Urgestein des Radolfzeller Einzelhandels
Die Tour startete um 18 Uhr am äußeren Rand der Innenstadt, in der Nähe des Seemaxx Outlet-Center. Von dort aus ging es für die Gruppe weiter in Richtung Innenstadt-Zentrum zum ersten Halt der Führung – einem Urgestein des Radolfzeller Einzelhandels, dem Spiele- und Freizeitgeschäft Swars in der Schützenstraße.

Doch der Laden sei nicht immer ein Spielwarengeschäft gewesen, erzählte Heike Heinzelmann, die das Geschäft gemeinsam mit Sonja Uhl führt. Das Geschäft sei 1903 von Johann Swars als Kaufhaus gegründet worden. Erst im Jahr 1979 habe sein Enkel, Klaus Uhl, ein reines Spielwarengeschäft daraus gemacht.

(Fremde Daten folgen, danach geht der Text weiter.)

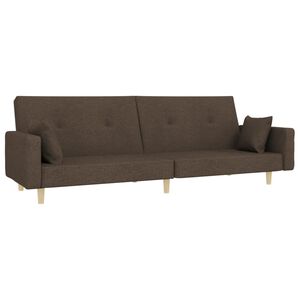 vidaXL 2m&iacute;stn&aacute; rozkl&aacute;dac&iacute; pohovka se 2 pol&scaron;t&aacute;ři taupe textil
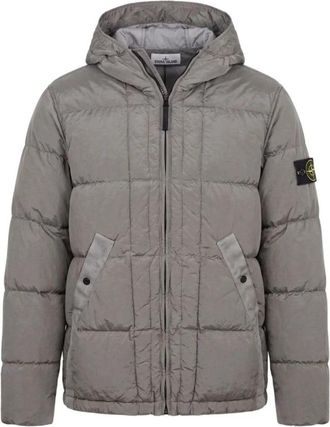 Stone Island Jassen - Heren - Winterjassen - Grijs - M - Jassen
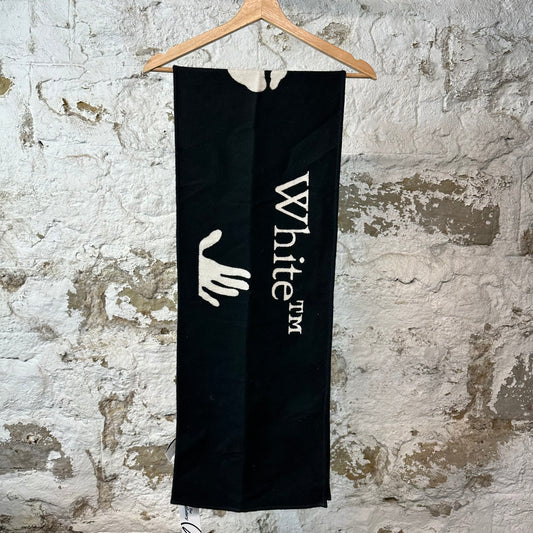 Off-White White Logos Black Scarf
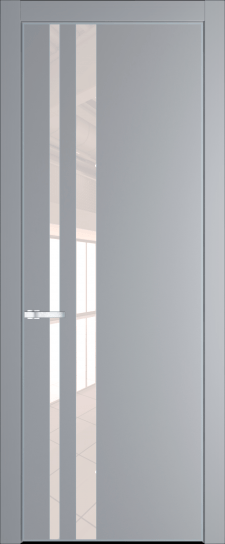 20PE Смоки (RAL 870-02) стекло Lacobel Перламутровый лак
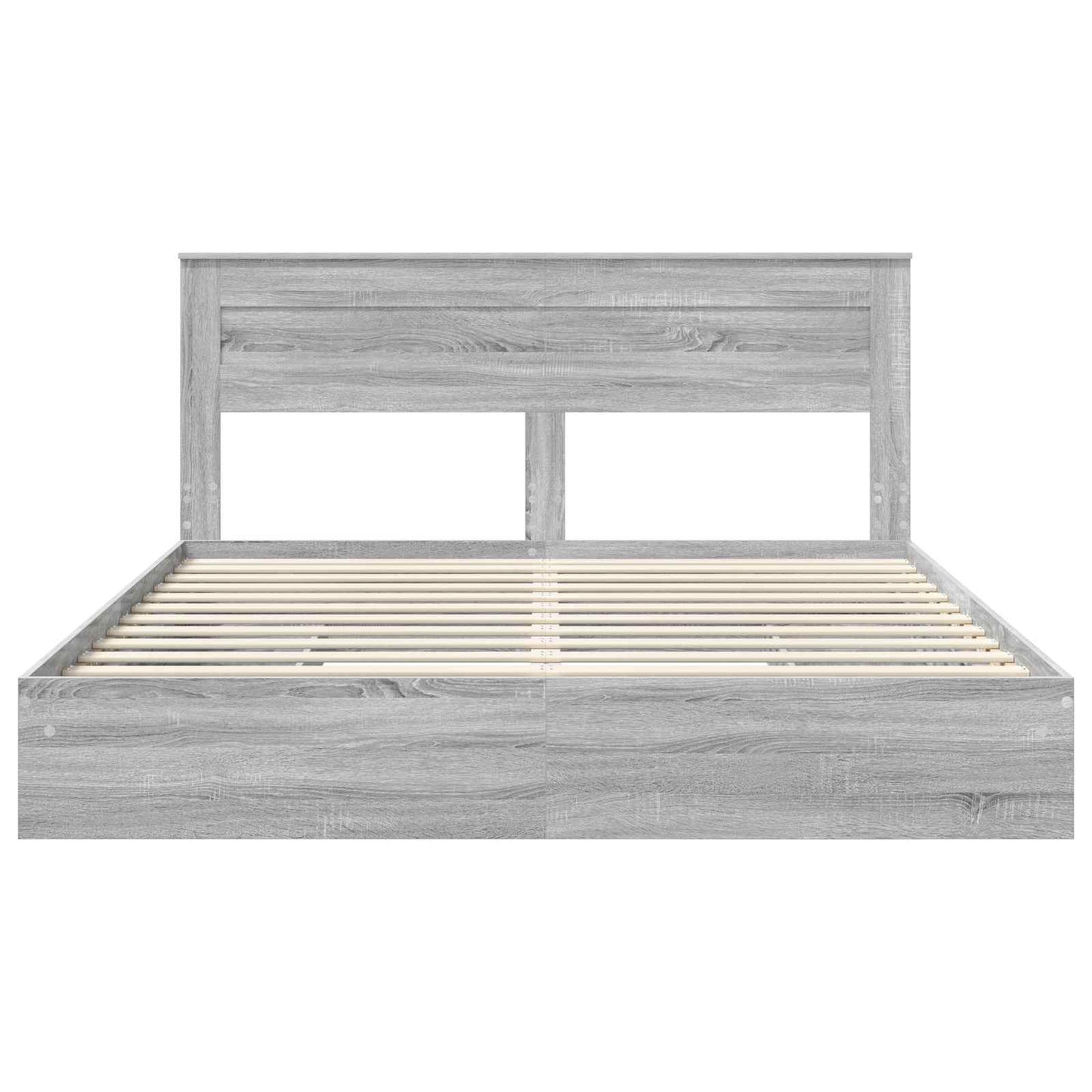 Storage Bed Grey Sonoma 200 x 200 cm Engineered Wood
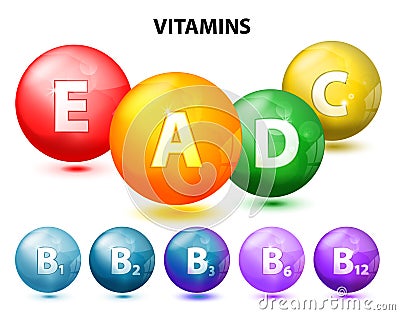 Vitamins Vector Illustration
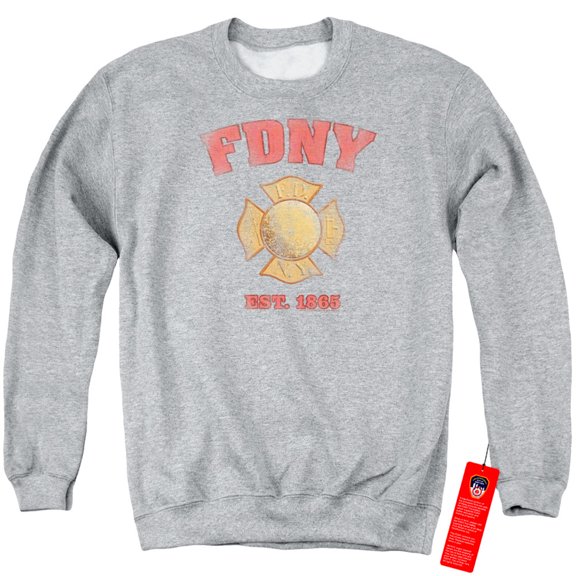 New York City - Fdny Vintage Badge - Crewneck Sweatshirt - XXX-Large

Denn für ein Kaufhaus habe der Platz nicht mehr ausgereicht, so Heinzelmann.

Aus Scheune wurde ein Beleuchtungsgeschäft
Nachdem alle Fragen der Teilnehmer zur Geschichte des Unternehmens und dem Tagesgeschäfte beantwortet waren, ging es für die Gruppe weiter zum nächsten Stopp in der Löwengasse 26. Im Jahr 1857 als Scheune erbaut, beherbergt das Gebäude das 1983 von Karl und Monika Biller gegründete Beleuchtungsgeschäft Elektro Biller.

Nach einer kurzen Einführung durch Sandra Biller-Stocker in die Geschäftstätigkeiten, die Unternehmens- sowie Gebäudegeschichte und einer anschließenden Tour durch den Laden musste die Gruppe schon weiter zum nächsten Halt der Stadtführung: dem Marmelad‚Or.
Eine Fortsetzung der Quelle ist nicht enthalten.